Paolo Rodari, la Repubblica 2/10/2013, 2 ottobre 2013
SE SI RIDUCE A UNA CORTE IL VATICANO È UNA LEBBRA ORA FINALMENTE È CHIARO
Walter Kasper, 80 anni, il più anziano cardinale presente all’ultimo conclave, prestigioso elettore di Jorge Mario Bergoglio, per diciotto anni capo del ministero vaticano che si occupa d’ecumenismo — uno dei pochi in grado di tenere testa a Joseph Ratzinger sul suo terreno, quello dell’alta teologia — si dichiara contento del colloquio che Francesco ha avuto con Eugenio Scalfari.
«Non solo contento, direi contentissimo».
Perché, eminenza?
«Anzitutto per certi contenuti che sono usciti dal dialogo, e fra questi il passaggio sulla “corte che è la lebbra del papato”».
«I capi della Chiesa spesso sono stati narcisi, lusingati e malamente eccitati dai loro cortigiani. La corte è la lebbra del papato », ha detto Francesco a Scalfari. Parole durissime.
«Sì, ma molto vere. Anche io nel mio piccolo ho sempre sostenuto il medesimo concetto. Ed è un sollievo che ne parli anche lui così liberamente. Il Vaticano è rimasto in alcune sue parti una corte, ma essere corte non corrisponde per nulla non solo al nostro tempo, ma anche, direi soprattutto, all’essere Chiesa nel senso della Bibbia, della Scrittura, dei Vangeli. La corte, con tutto quello che essa comporta, non è la Chiesa. È un’altra cosa».
«La Chiesa non si occupa di politica», dice Francesco. Condivide questa linea?
«Certo. La Chiesa non deve mai, per nessun motivo, fare la politica dei partiti. Non deve mai entrare in un campo che non è il suo. Non è il suo terreno, la politica, non è il suo compito. Piuttosto la Chiesa deve essere costruttrice della pace e richiamare tutti gli uomini a questa vocazione universale».
Scalfari dice di essere un non credente che non cerca Dio, seppure affascinato dalla figura di Gesù di Nazareth. Si aspettava un dialogo del Papa con lui?
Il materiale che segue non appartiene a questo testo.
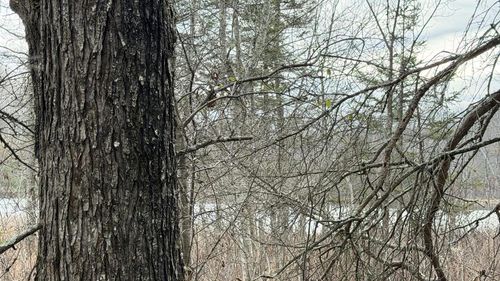 Lt3 Boat Landing 11 Road, SILVER CLIFF, WI, 54104 | Card Image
«Immaginavo che avrebbe cercato il dialogo con tutti, anche con chi non crede, questo sì. È un dialogo importante a mio avviso perché non ci può essere pace nel mondo senza questo dialogo. Non è sufficiente che la Chiesa parli e si confronti con le altre religioni e i loro leader. Il dialogo deve esserci anche, io direi soprattutto, con coloro che non credono, con gli atei, financo con gli indifferenti. Siamo tutti essere umani e dobbiamo collaborare senza chiuderci».
Vede discontinuità fra questo pontificato e i precedenti, fra Francesco, Benedetto XVI e Giovanni Paolo II?
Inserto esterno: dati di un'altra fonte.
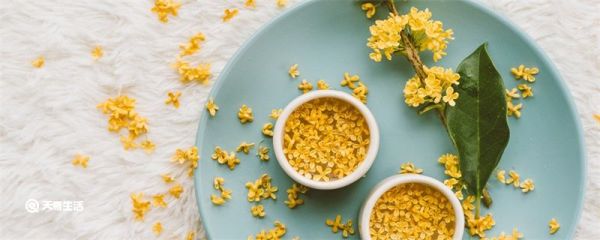 桂花怎么保存 如何保存桂花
«L’intervista di ieri del Papa conferma un percorso di avvicinamento a chi non crede iniziato da molto lontano. Anche Karol Wojtyla e Joseph Ratzinger cercavano questo confronto. Seppure mi sembra che questo Papa stia dando una spinta nuova, che io chiamerei evangelica, prettamente evangelica. E poi ha portato l’aria fresca dell’emisfero Sud. Ognuno porta qualcosa di diverso. Ogni Papa non è uguale all’altro. Ci sono sempre segnali di continuità e, soprattutto nello stile, di discontinuità ».